Otros casos han adoptado un enfoque similar, incluyendo Azurix contra Argentina(7), Siemens contra Argentina(8) y Compañía de Aguas y Vivendi contra Argentina(9). Sugerir que existe una práctica consistente en este tema sería estrechar demasiado el concepto, ya que algunos tribunales han adoptado un enfoque más restrictivo, que limita el alcance de la garantía a la protección física(10).

vii) Disposiciones específicas en relación con los impuestos en los tratados bilaterales de inversión

Aunque la mayoría de los TBI son textos de aplicación general, cabe señalar que algunos de estos tratados contienen disposiciones específicas relativas a impuestos, que por lo general limitan el alcance de las garantías previstas en relación con los impuestos. Por ejemplo, el modelo del tratado de inversión bilateral de EE. UU. 2012 establece lo siguiente:

“ART. 21.—Tributación

1. Salvo lo dispuesto en este artículo, ninguna disposición en la sección A impone obligaciones con respecto a las medidas tributarias.

2. Artículo 6º [expropiación] se aplicará a todas las medidas tributarias, salvo que el demandante que afirma que una medida constituye una expropiación podrá someter una reclamación a arbitraje bajo la sección B solo si:

a) el demandante primero ha referido por escrito la cuestión de si la medida constituye una expropiación a las autoridades fiscales competentes de ambas partes, y

b) dentro de los 180 días siguientes a la fecha de referida la cuestión, las autoridades fiscales competentes de las dos partes no logran llegar a un acuerdo de si la medida tributaria no constituye una expropiación.

3. Sin perjuicio del apartado 4, el artículo 8º [requisitos de rendimiento] (2) a (4) se aplicarán a todas las medidas tributarias.

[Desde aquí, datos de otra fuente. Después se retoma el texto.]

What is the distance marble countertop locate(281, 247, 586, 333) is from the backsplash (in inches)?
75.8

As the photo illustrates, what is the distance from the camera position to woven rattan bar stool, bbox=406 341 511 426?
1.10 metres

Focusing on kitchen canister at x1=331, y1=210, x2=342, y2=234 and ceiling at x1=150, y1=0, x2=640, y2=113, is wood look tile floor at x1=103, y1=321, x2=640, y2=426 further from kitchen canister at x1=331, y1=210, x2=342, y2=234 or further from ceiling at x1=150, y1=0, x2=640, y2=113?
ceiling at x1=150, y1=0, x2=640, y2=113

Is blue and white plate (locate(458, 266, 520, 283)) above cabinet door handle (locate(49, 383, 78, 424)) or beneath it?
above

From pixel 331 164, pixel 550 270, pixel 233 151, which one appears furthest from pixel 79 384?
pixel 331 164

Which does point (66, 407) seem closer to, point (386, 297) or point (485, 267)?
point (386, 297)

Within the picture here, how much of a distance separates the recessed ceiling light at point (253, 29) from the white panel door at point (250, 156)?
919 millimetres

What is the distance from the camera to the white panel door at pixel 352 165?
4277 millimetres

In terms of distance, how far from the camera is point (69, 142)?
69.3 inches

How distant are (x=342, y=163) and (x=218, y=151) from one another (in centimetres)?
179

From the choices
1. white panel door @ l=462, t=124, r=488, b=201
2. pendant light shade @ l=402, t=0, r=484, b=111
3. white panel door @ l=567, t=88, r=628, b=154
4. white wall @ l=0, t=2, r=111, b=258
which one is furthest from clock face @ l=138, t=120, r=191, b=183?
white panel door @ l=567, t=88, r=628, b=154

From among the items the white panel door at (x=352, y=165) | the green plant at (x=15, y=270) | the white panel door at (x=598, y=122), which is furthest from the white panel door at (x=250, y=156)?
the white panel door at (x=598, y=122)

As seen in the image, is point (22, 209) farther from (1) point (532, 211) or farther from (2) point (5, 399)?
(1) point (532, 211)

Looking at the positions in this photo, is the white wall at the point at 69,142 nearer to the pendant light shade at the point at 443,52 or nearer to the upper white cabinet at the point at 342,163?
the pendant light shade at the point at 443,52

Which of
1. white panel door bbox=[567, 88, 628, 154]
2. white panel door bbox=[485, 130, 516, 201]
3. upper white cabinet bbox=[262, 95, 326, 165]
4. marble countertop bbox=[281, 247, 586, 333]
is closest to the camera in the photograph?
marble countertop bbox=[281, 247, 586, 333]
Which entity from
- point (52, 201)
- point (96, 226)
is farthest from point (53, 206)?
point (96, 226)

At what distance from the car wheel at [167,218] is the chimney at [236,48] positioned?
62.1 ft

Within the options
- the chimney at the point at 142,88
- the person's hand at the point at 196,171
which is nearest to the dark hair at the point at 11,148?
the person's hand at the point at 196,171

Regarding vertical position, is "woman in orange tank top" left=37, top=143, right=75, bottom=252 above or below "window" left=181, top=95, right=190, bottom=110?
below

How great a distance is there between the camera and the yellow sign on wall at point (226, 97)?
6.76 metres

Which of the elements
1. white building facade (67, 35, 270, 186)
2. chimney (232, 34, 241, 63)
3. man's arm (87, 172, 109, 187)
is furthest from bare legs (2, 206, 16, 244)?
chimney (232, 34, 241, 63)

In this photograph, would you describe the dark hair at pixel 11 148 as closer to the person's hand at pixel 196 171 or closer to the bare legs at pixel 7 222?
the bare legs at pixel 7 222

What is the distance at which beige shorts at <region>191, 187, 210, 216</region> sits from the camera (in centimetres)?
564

4. Ninguna disposición del presente tratado afectará los derechos y obligaciones de las partes bajo cualquier convenio tributario. En el caso de inconsistencia entre este tratado y cualquiera de estos convenios, el convenio prevalecerá en el caso de inconsistencia. En el caso de un convenio tributario entre las partes, las autoridades competentes bajo ese convenio tendrán la responsabilidad de determinar si existe alguna incompatibilidad entre este tratado y ese convenio”(11).

El ejemplo anterior ilustra cómo ciertos Estados están modificando significativamente el régimen general de garantías y protecciones bajo los TBI en materia tributaria. Un enfoque más limitado se refleja en el TBI del Reino de los Países Bajos/India que limita el alcance de determinadas disposiciones de los tratados específicos —en este caso el trato nacional y las disposiciones de la nación más favorecida— en lo concerniente a materia tributaria:

“(4) Lo dispuesto en los apartados 1 y 2 en relación a la concesión de trato nacional y del trato de la nación más favorecida tampoco se aplicará con respecto a cualquier acuerdo o convenio internacional relacionado total o principalmente a tributación o cualquier legislación nacional o de acuerdos como consecuencia de tal legislación relacionada total o principalmente a tributación”(12).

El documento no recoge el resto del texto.